Compliance 360° Part 6: Don’t Do That! How To Respond To FDA-483s
This is Compliance 360°, a podcast series from Medtech Insight on US FDA compliance and enforcement issues. In this sixth installment, former FDA investigations branch director Ricki Chase explains how your firm can best respond to the agency following the issuance of an FDA-483 inspection form, and tells you four things your firm should never do when replying to FDA.

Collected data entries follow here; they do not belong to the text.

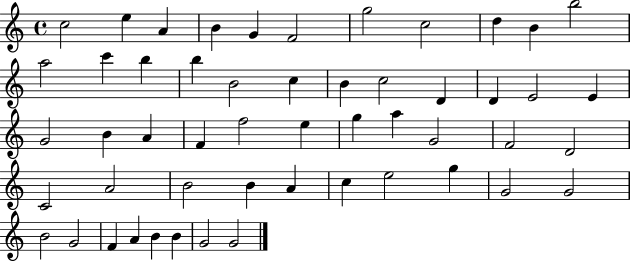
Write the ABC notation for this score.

X:1
T:Untitled
M:4/4
L:1/4
K:C
c2 e A B G F2 g2 c2 d B b2 a2 c' b b B2 c B c2 D D E2 E G2 B A F f2 e g a G2 F2 D2 C2 A2 B2 B A c e2 g G2 G2 B2 G2 F A B B G2 G2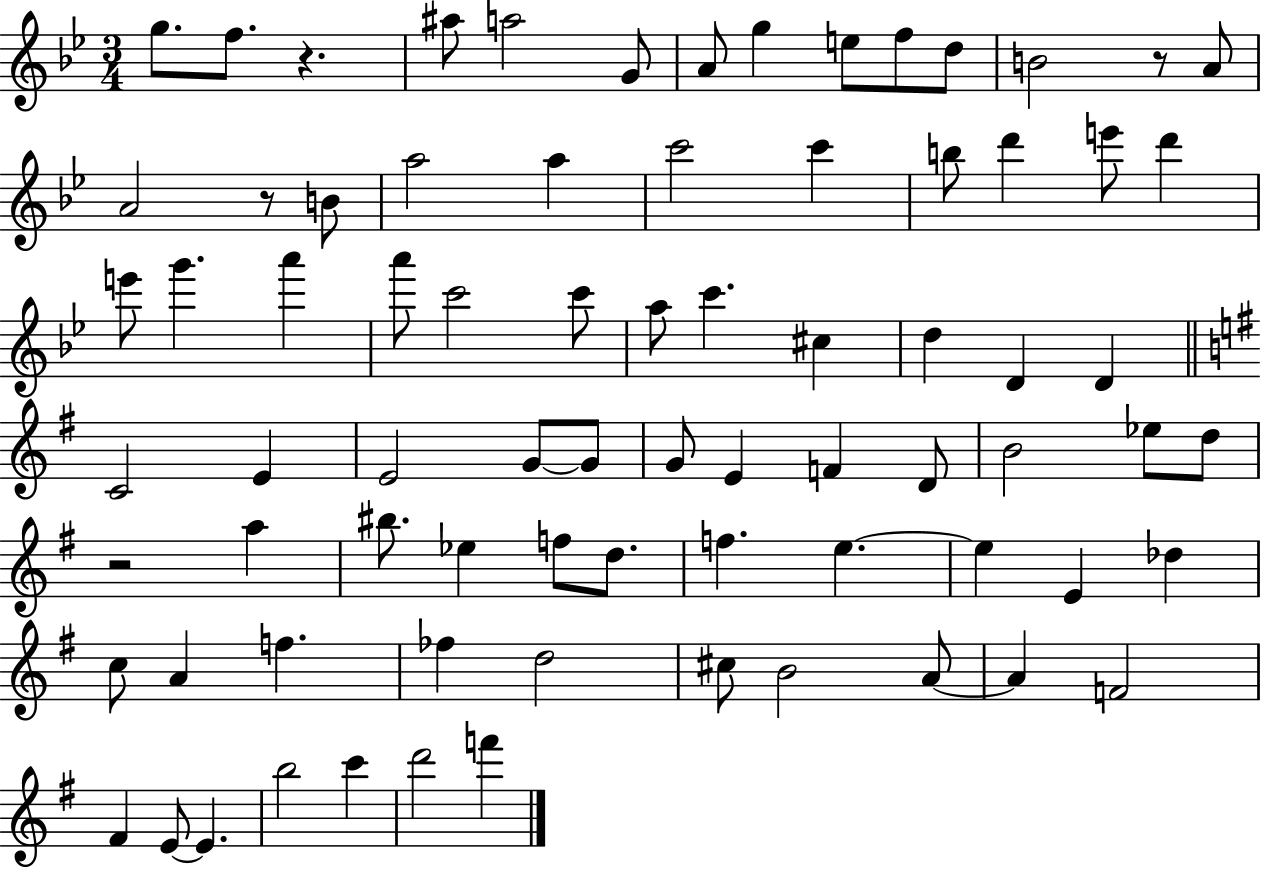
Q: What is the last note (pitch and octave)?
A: F6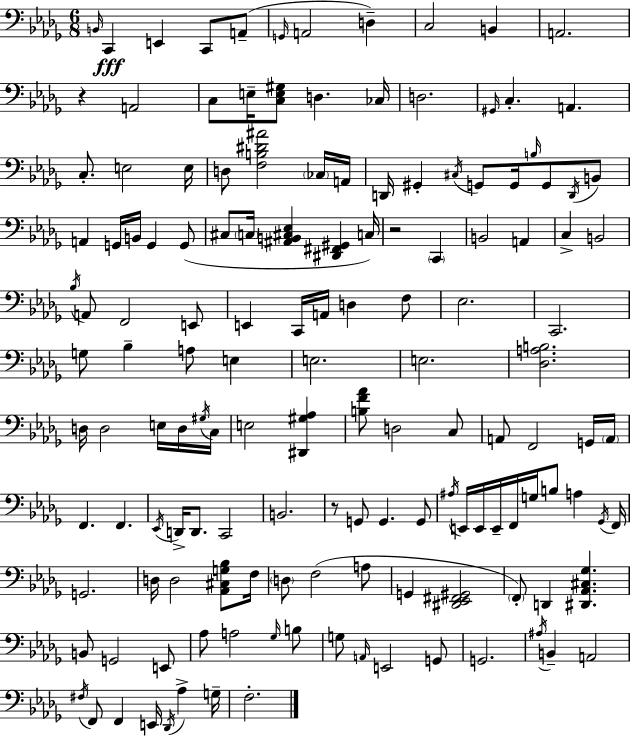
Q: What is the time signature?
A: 6/8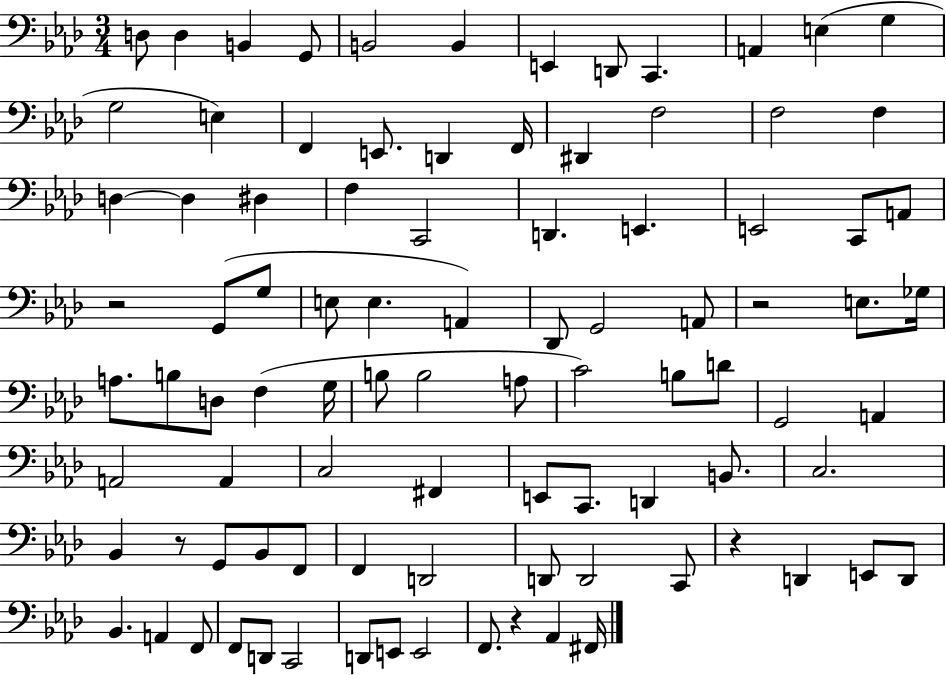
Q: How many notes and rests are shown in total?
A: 93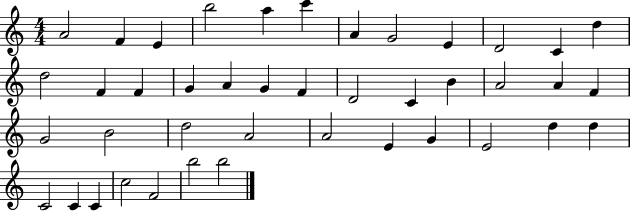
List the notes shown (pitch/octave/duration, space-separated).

Other Compliance 360° Podcasts
- Handling Difficult US FDA Investigators
- Getting The Most Out Of Inspection Close-Out Meetings
- Building Trust With US FDA – Can It Be Done?
- How To Better Manage Your Quality Data
- Medical Device 483s – US FDA’s Top 5 Observations
- Don’t Do That! How To Respond To FDA-483s
- Factors Feeding Your Inspection Cycle – A New Paradigm
- Patient Influence On US FDA’s Enforcement Strategy
- US FDA Is Looking Closely At Process Validation – Are You Ready?
Ricki Chase doesn't mince words when advising medical device manufacturers on four things they should never do when responding to US FDA after receiving an FDA-483 form following an unfavorable inspection.
First, "do not send a response cold without a cover letter. It is generally not polite, and you want to make sure that the agency understands that you understand the importance of the 483 and the response," Chase says in the sixth installment of Compliance 360°, a podcast series from Medtech Insight on FDA compliance and enforcement issues.
Second, "do not send a response that does not tie the corrective action to the observation. A single narrative document makes it difficult for the officer to identify which observation you are planning to correct and how," she says. Third, "do not send a response indicating that you have made corrective actions without providing evidence of such. No evidence, it didn't happen."
Finally, "do not make promises that you cannot keep."
In the podcast, Chase – a former FDA investigations branch director – also explains how your firm can best respond to the agency following the issuance of an FDA-483.
"The expense of a warning letter far outweighs the cost of a swift, dedicated, well-thought-out response, and the opportunity to voluntarily correct and improve your quality system," she says.
Chase is compliance practice director for Lachman Consultant Services, a firm she joined in June 2016 after spending 16 years at FDA, where she was also an investigator, medical device specialist and supervisory investigator.